The Edge of the World: How the North Sea Made Us Who We Are by Michael Pye - book review: Voyage of discovery rescues the Dark Ages from obscurity

The Scottish Referendum prompted much soul-searching about Britain's place in the world. The Scots, it seemed, were looking warmly at Scandinavia. Michael Pye's book reminds us of a time when all the North Sea nations shared a culture. It was admittedly a long time ago but this is the kind of book that can open up new vistas.

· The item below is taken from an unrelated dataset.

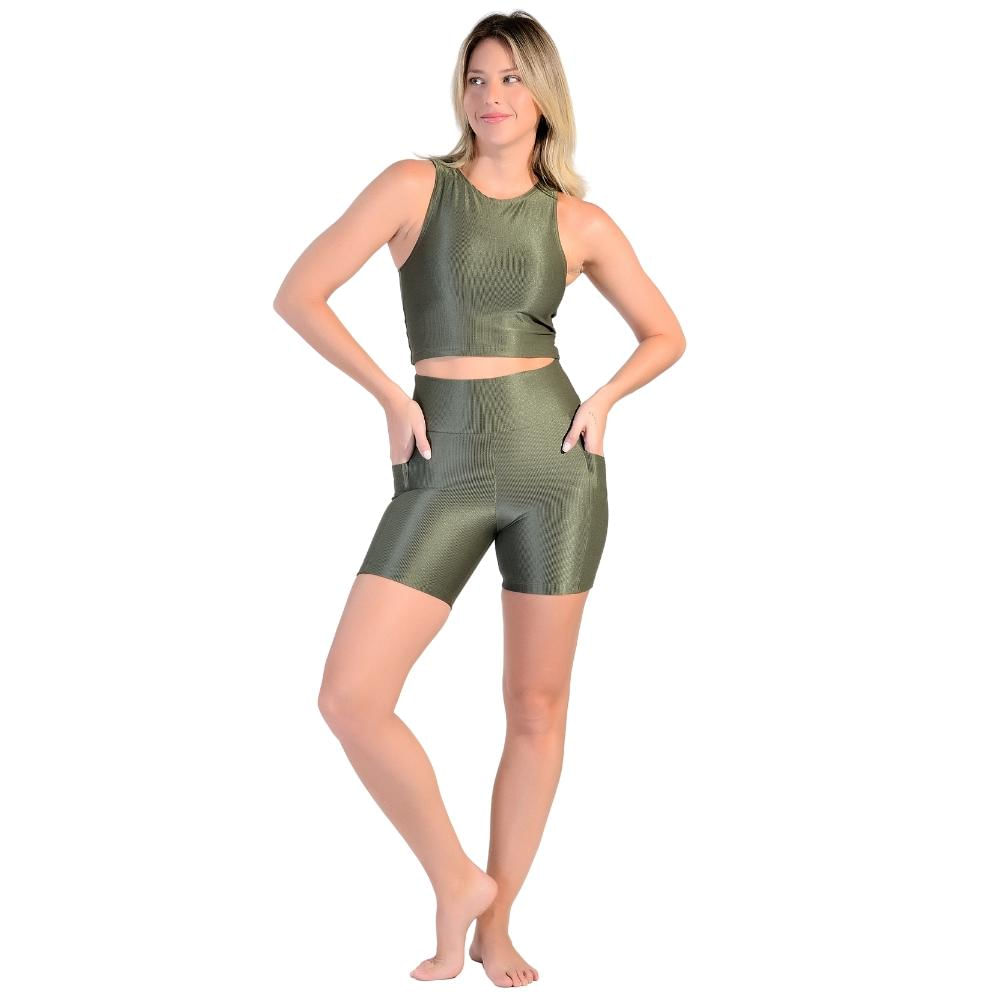 Conjunto Esportivo Shorts de Bolso + Top Cropped em Tecido Half Shine Wunder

Pye begins obliquely and brilliantly by considering the beginning of "the seaside" cult in the early 18th century, at the end of the North Sea relationship as far as Britain was concerned. Imperial Britain might have boasted of its mastery of the oceans, but it forgot or disdained its local sea and those who lived just across it. Against that, Pye writes of a time when it was quicker, easier, and more profitable to travel from Frisia to York than from London to York.

His alternative route to modernity goes not through the Renaissance but via the trading culture of the Lowlands, and he sets out to rescue the period between the collapse of Rome and the middle Ages from its contemptuous tag – the Dark Ages – and its monks-and-barbarians stereotype. The life of trade and invention wasn't nearly as moribund as is commonly supposed.

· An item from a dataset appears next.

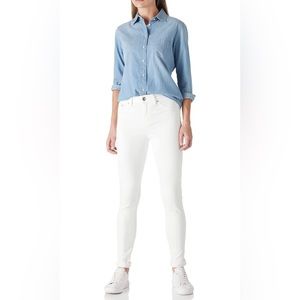NWT RHODANTHE Women's White Denim Skinny Jeans Stretch Comfy Size 12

The Lowlands feature heavily in the book: Pye roots out the source of those swept-clean, 17th-century courtyards of Pieter de Hooch we so admire, tracing the line through land reclamation, cattle and butter. By the 17th century half the population of Holland kept cattle, and butter making was a cottage industry. Butter requires extreme cleanliness. As he says, even before Calvin, Holland was the cleanest, tidiest, primmest nation on earth.

Pye's is a stream-of-vignettes history and although he draws big conclusions, the chronology and direction can sometimes seem confused. He is carried along by his fervour, and at times so is the reader. When it doesn't work so well, in the midst of endless stories of superstition and brutality, it is moot whether his aim of rescuing the reputation of the Dark Ages (he calls it "the Long Morning") is succeeding.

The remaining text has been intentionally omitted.